Being in franchising for over 23 years has taught me a lot about the buying and selling of small businesses. Namely that all sellers think their stuff is worth more than it is and that a buyer will pay for potential. They won’t
The first thing to say is that 99% of the time the market behaves as it should. And much to the chagrin of sellers the buyer will not pay for potential and, on the 1% of time they do, it is for non-commercial reasons – loyalty to area, business affinity or more money than sense. Furthermore, people often sell their franchises at the wrong time.
The market states that the best time to sell is when the key performance indicators (KPIs) of a business are at their most positive. That means a seller’s market is when sales are up, margins are strong, costs are under control and the order pipeline has some longevity. However, if you and your franchise are not in that position of confidence, if the KPIs aren’t good,then the buyer will naturally be seeking a discounted price and you enter a buyer’s market.
So if you’re looking to sell don’t let the company just fizz out. Remarkably, some sellers simply can’t understand why someone won’t pay the asking price based on historical performance or potential rather than recent performance. Crazy hey?

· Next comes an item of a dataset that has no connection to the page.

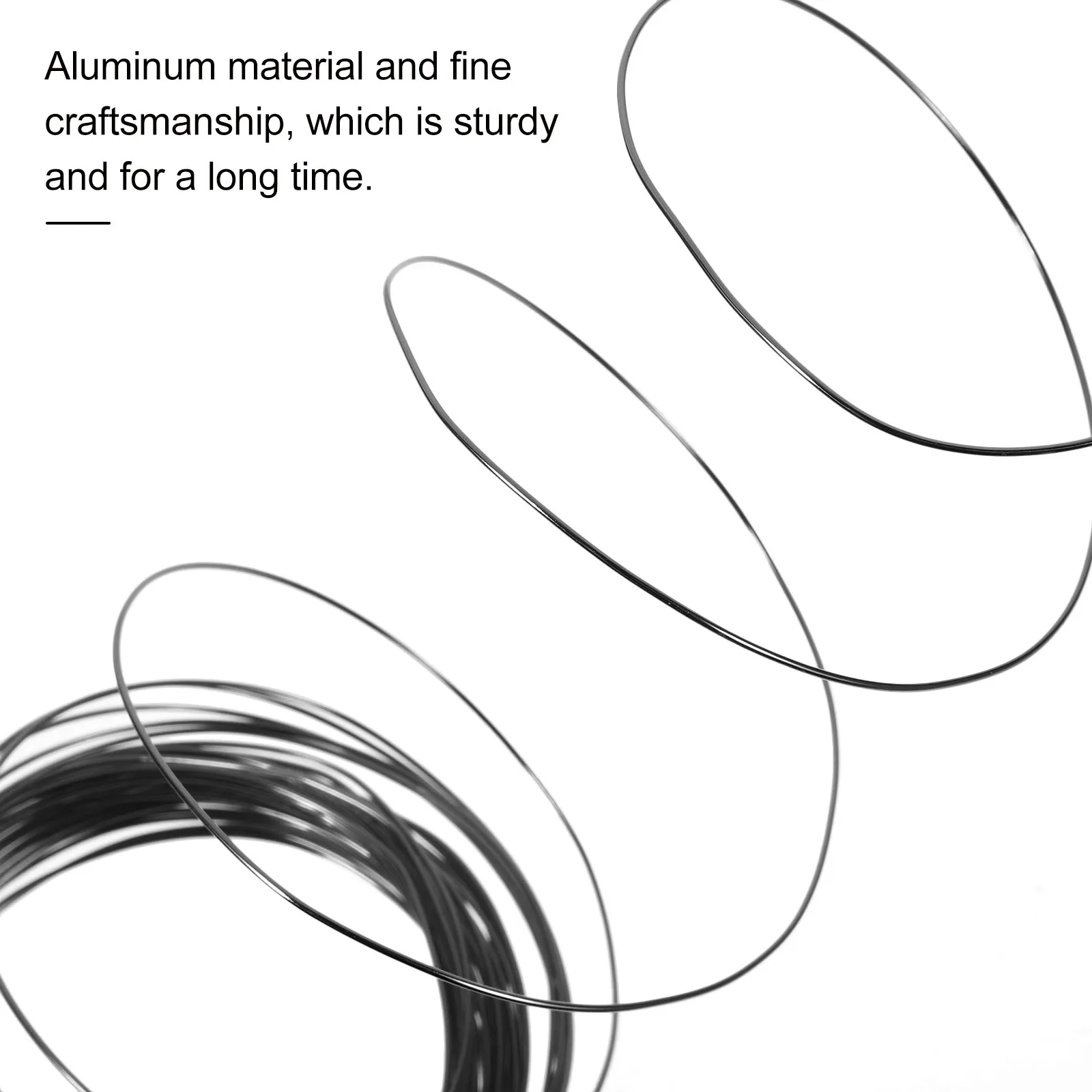 

Colorful Aluminum Wire 1mm DIY Craft Material Bonsai Tree Shaping Plant Support Wire Easy Storage Durability Jewelry Making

Of course it doesn’t work like that. Trading performance is the key to determining the likely value of the franchise but there are also several other factors a buyer might look at that might affect the price offered. If there is a property then the lease, any dilapidations and general condition of the building are important considerations, while any equipment with maintenance agreements in-situ will be worth more to the buyer.

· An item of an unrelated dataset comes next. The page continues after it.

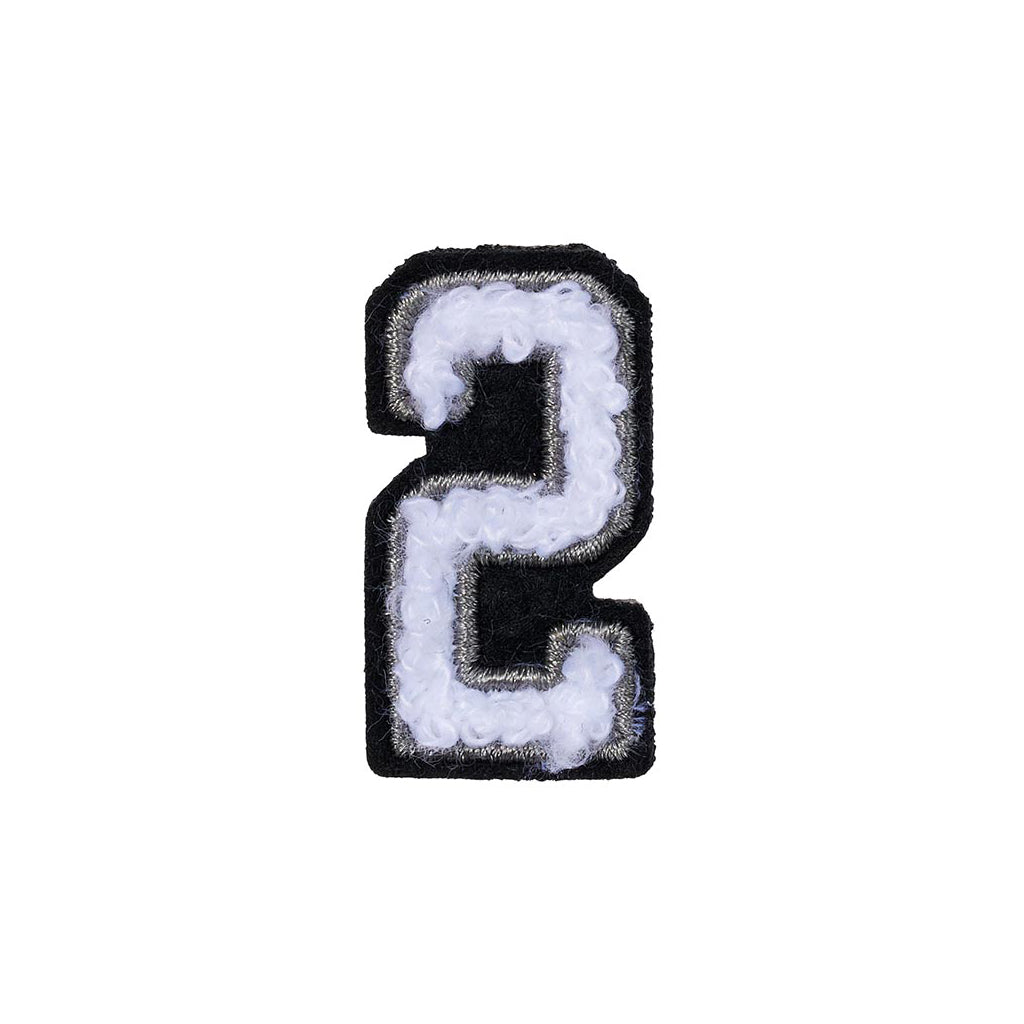 Black & White Peel & Stick Shoe Patch | Number 2 Design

The buyer will be wary if the business is to-heavy. So if it’s reliant on a small number of customers they’ll want assurances that clients are secure and that the seller will personally introduce the buyer to the key customers.
So, taking all of this into account, just how do you value a franchise? Well, put simply most accountants will value it by using a multiple of adjusted net profit or sustainable operating profit and generally use an average profit figure based on three years' worth of accounts and then apply a multiplier to that figure.
Multiples vary but in my experience I would calculate the value based on a multiplier of between 1.75 and 2.25 times the adjusted net profit. So, if your adjusted net profit is £50,000 then you could expect a sale price of between £87,500 and £112,500 – plus stock at valuation. If your profit is £10,000pa do not expect to get more that £22,500, irrespective of the perceived potential.
Decide well in advance when you want to sell your business, plan your exit, work hard to maximise your sales and profit and work with your franchisor.